Running the model
================


This note explains in a nutshell how the data should be formatted and what preprocessing steps are needed to run the GAMCR model.

# 1. Check that your dataset has the right format

Your datasets should be a `.txt` file with the following column names:

- timeyear: for the timeyear (e.g. 2022.45)
- p: for precipitation
- pet: for potential evapotranspiration
- q: for streamflow
- date: for datetime object representing the date

# 2. Data preprocessing

Training GAMCR is much more efficient when some computations are made offline (before lauching training). To process the data, you should use the following script:
    

In [None]:
import pandas as pd
import numpy as np
import sys
sys.path.append('YOUR PATH TO GAMCR')
import GAMCR

for site in ['Basel_notflashy']: 
    model = GAMCR.model.GAMCR(features = {'date':True})    
    save_folder = './{0}/data/'.format(site)
    datafile = './{0}/data_{0}.txt'.format(site)
    model.save_batch(save_folder, datafile)
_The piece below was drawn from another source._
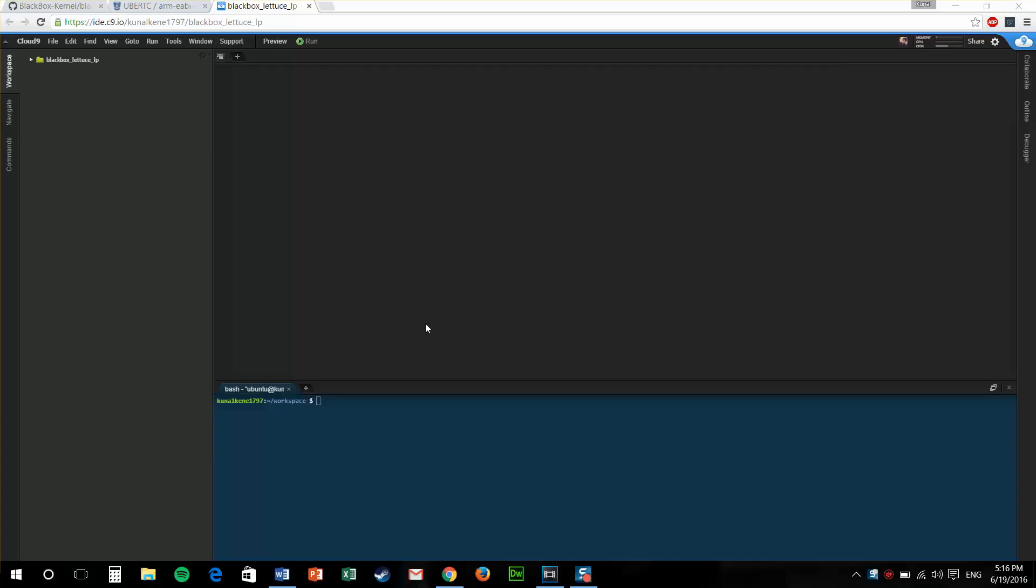I've heard you've always wanted to make your own custom kernel. Well, let's make it a reality.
# 3.A Training a model with predefined hyperparameters

As explained in our paper, GAMCR consider two regularization parameters. If you decide to set yourself the values of this parameters, then you can use the code below to train the model.


In [None]:
import pandas as pd
import numpy as np
import sys
sys.path.append('/mydata/watres/quentin/code/FLOW/hourly_analysis/')
import GAMCR

station = 'Basel'
mode = 'notflashy'
model_ghost = GAMCR.model.GAMCR(lam=0.1)
save_folder = './{0}_{1}/data/'.format(station, mode)
X, matJ, y, timeyear, dates = model_ghost.load_data(save_folder, max_files=96)
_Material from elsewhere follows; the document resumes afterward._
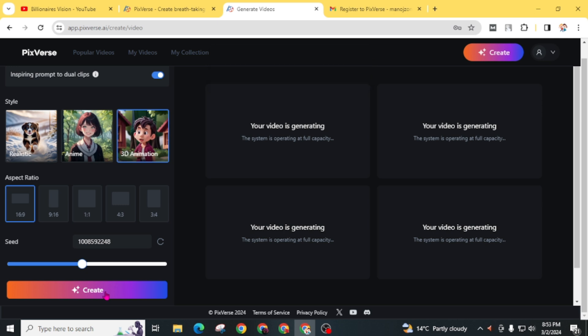I clicked two times, so it started creating two different videos. Our video is generating. The system is operating at full capacity. Just wait for a few seconds to see your result.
# Hyperparameter 1: control the smoothnees of the coefficients with respect to the different features
lam = 0.0005

# Hyperparameter 2: control the smoothness of the transfer functions
global_lam = 0.1

model = GAMCR.model.GAMCR(lam=lam)
model.load_model('./{0}_{1}/data/params.pkl'.format(station, mode), lam=lam)
save_folder = './{0}_{1}/'.format(station, mode)
name_model = '{0}_{1}_best_model'.format(station, mode)
loss = model.train(X, matJ, y, dates=dates, lr=1e-1, max_iter=10000, warm_start=False, save_folder=save_folder, name_model=name_model, normalization_loss=1, lam_global = global_lam)


# 3.B Training a model selecting hyperparameters with cross validation

In case you would like to optimize the selection of the hyperparamters, you can launch the script `CV_model.py` which will train the model for different values of the hyperparameters (located on a 2D grid).

Once all models are trained, you can investigate the results yourself to find the best one and use the script `find_best_model_CV.py` to use an automated processure to find the best model.